Monday morning, May 23. We went to breakfast at Mr. Cobden's. Mr. C. is a man of slender frame, rather under than over the middle size, with great ease of manner, and flexibility of movement, and the most frank, fascinating smile. His appearance is a sufficient account of his popularity, for he seems to be one of those men who carry about them an atmosphere of vivacity and social exhilaration. We had a very pleasant and social time, discussing and comparing things in England and America. Mr. Cobden assured us that he had had curious calls from Americans, sometimes. Once an editor of a small village paper called, who had been making a tour through the rural districts of England. He said that he had asked some mowers how they were prospering.

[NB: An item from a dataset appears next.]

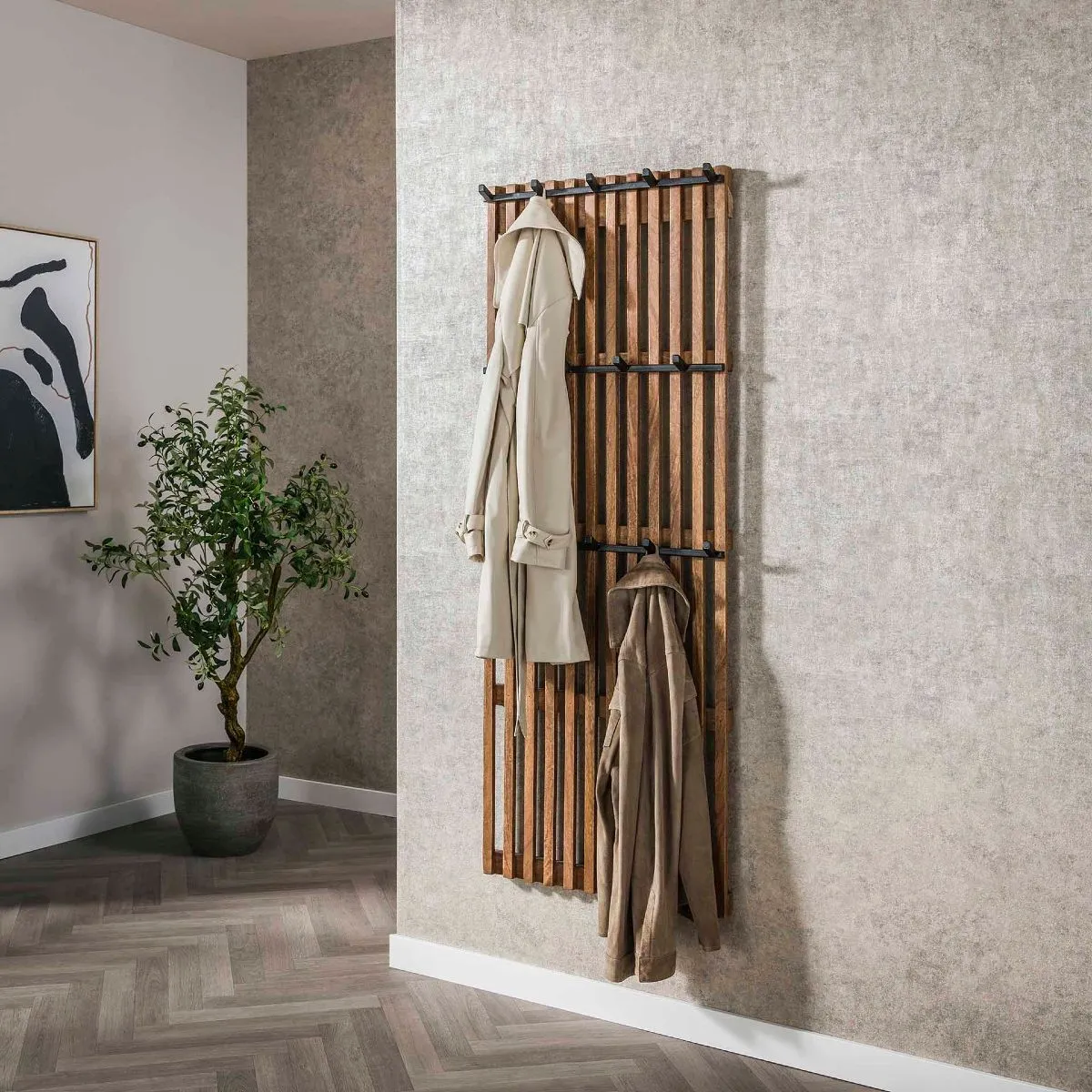 Portemanteau en bois massif TABATA 14 crochets haut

They answered, "We ain't prosperin'; we're hayin'." Said Cobden,

"I told the man, 'Now don't you go home and publish that in your paper;' but he did, nevertheless, and sent me over the paper with the story in it." I might have comforted him with many a similar anecdote of Americans, as for example, the man who was dead set against a tariff, "'cause he knew if they once got it, they'd run the old thing right through his farm;" or those immortal Pennsylvania Dutchmen, who, to this day, it is said, give in all their votes under the solemn conviction that they are upholding General Jackson's administration.

The conversation turned on the question of the cultivation of cotton by free labor. The importance of this great measure was fully appreciated by Mr. Cobden, as it must be by all. The difficulties to be overcome in establishing the movement were no less clearly seen, and ably pointed out. On the whole, the comparison of views was not only interesting in a high degree, but to us, at least, eminently profitable. We ventured to augur favorably to the cause from the indications of that interview.

From this breakfast we returned to dine at Surrey parsonage; and, after dinner, attended Miss Greenfield's concert at Stafford House. Mr. S. could not attend on account of so soon leaving town.

The concert room was the brilliant and picturesque hall I have before described to you. It looked more picture-like and dreamy than ever. The piano was on the flat stairway just below the broad central landing. It was a grand piano, standing end outward, and perfectly banked up among hothouse flowers, so that only its gilded top was visible. Sir George Smart presided. The choicest of the elite were there. Ladies in demi-toilet and bonneted. Miss Greenfield stood among the singers on the staircase, and excited a sympathetic murmur among the audience. She is not handsome, but looked very well. She has a pleasing dark face, wore a black velvet headdress and white carnelian earrings, a black mohr antique silk, made high in the neck, with white lace falling sleeves and white gloves. A certain gentleness of manner and self-possession, the result of the universal kindness shown her, sat well upon her. Chevalier Bunsen, the Prussian ambassador, sat by me. He looked at her with much interest. "Are the race often as good looking?" he said. I said, "She is not handsome, compared with many, though I confess she looks uncommonly well to-day."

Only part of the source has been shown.